## YOUR GOAL
Beneath this task are records; print exactly the stretch of them from the line with "Ferrari e Porsche, arrestohet" through the line with "More Photos Of", both ends included.

## GIVEN DATA
##############################

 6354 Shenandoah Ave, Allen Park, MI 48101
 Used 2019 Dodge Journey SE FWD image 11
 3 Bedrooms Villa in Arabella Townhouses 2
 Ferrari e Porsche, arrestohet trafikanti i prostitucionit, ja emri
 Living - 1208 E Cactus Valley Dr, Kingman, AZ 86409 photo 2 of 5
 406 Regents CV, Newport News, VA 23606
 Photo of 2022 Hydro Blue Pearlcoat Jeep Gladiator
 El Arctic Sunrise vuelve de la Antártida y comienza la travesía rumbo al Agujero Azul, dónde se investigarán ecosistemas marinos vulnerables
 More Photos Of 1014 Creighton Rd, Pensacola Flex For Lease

##############################

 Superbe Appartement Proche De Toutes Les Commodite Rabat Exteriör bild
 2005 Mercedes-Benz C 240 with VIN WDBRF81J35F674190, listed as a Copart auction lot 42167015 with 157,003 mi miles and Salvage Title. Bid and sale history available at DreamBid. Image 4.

##############################

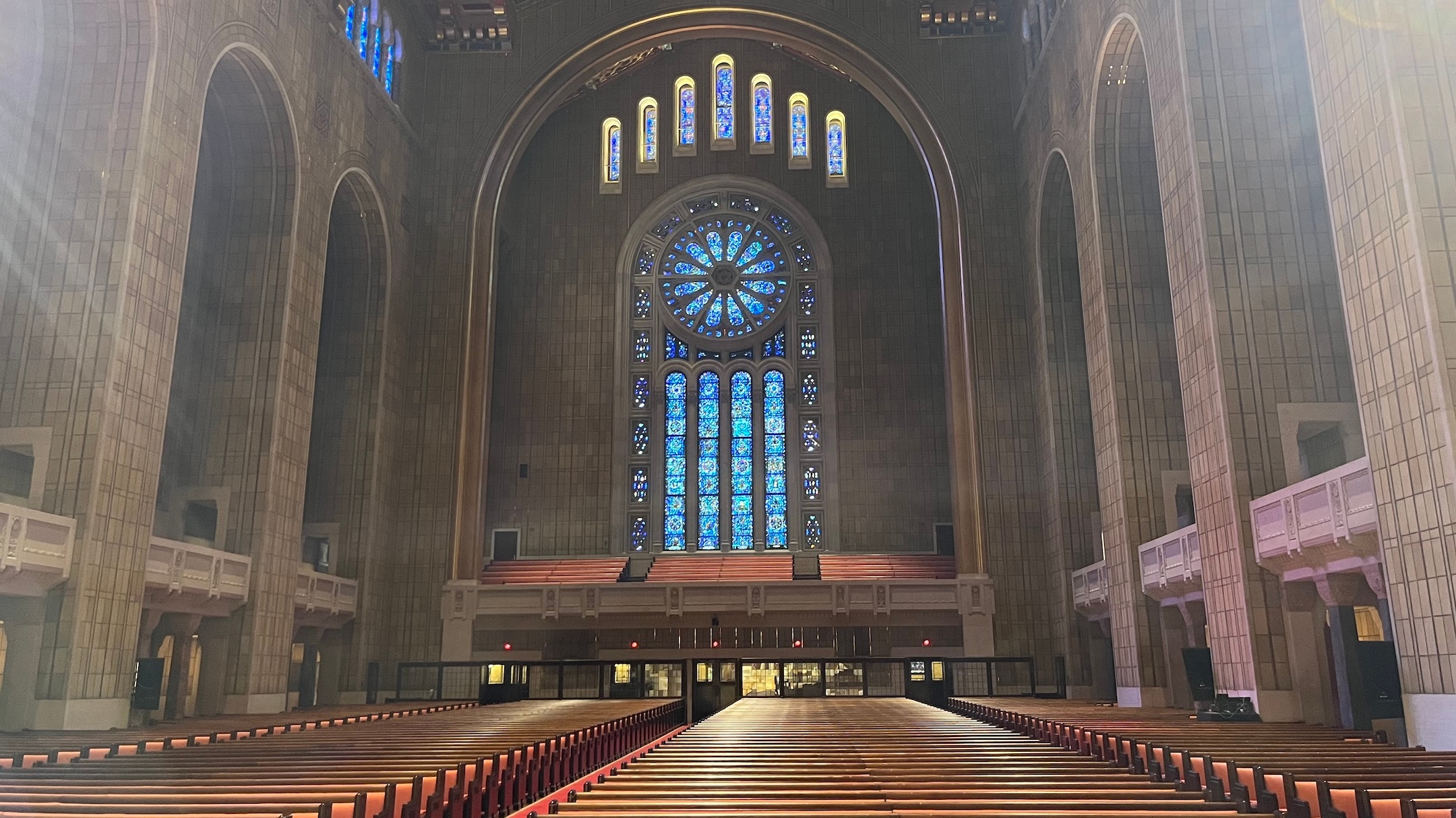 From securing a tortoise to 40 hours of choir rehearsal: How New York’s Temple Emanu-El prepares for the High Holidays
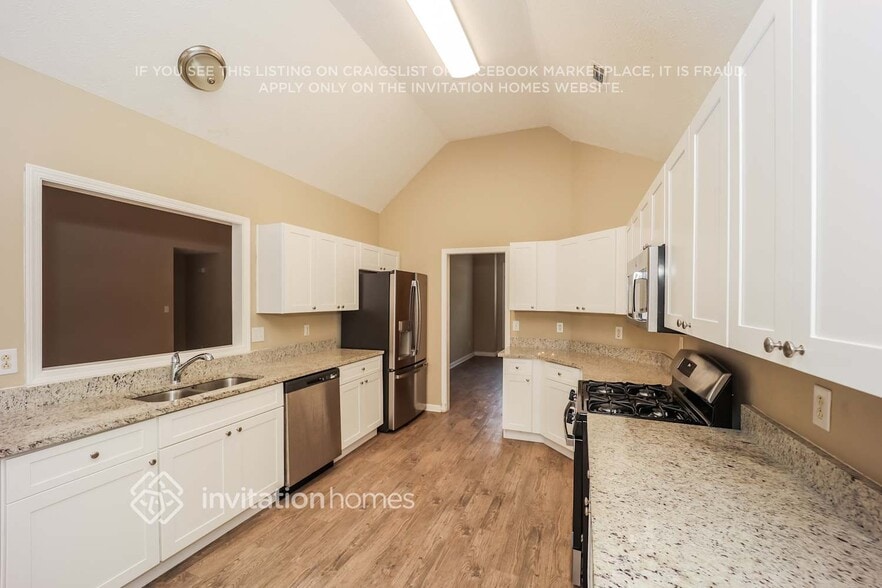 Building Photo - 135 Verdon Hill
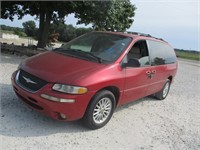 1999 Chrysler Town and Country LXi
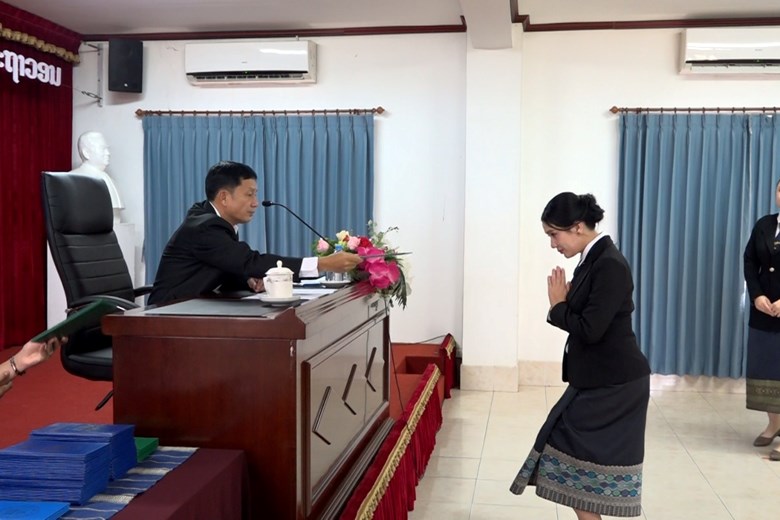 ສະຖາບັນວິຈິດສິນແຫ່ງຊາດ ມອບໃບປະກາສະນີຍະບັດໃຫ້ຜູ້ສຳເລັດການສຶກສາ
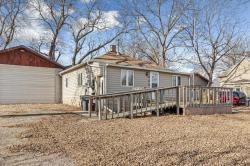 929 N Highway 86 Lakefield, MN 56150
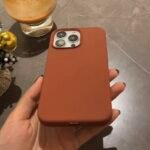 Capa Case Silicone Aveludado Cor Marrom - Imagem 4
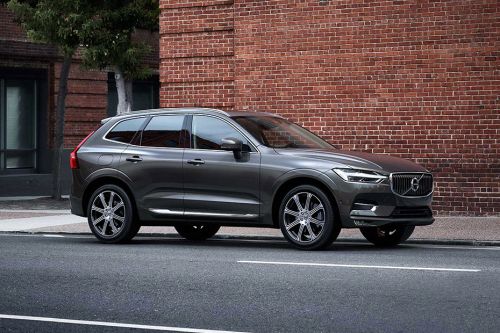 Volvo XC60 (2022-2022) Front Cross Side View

##############################

## RESPONSE AREA
 Ferrari e Porsche, arrestohet trafikanti i prostitucionit, ja emri
 Living - 1208 E Cactus Valley Dr, Kingman, AZ 86409 photo 2 of 5
 406 Regents CV, Newport News, VA 23606
 Photo of 2022 Hydro Blue Pearlcoat Jeep Gladiator
 El Arctic Sunrise vuelve de la Antártida y comienza la travesía rumbo al Agujero Azul, dónde se investigarán ecosistemas marinos vulnerables
 More Photos Of 1014 Creighton Rd, Pensacola Flex For Lease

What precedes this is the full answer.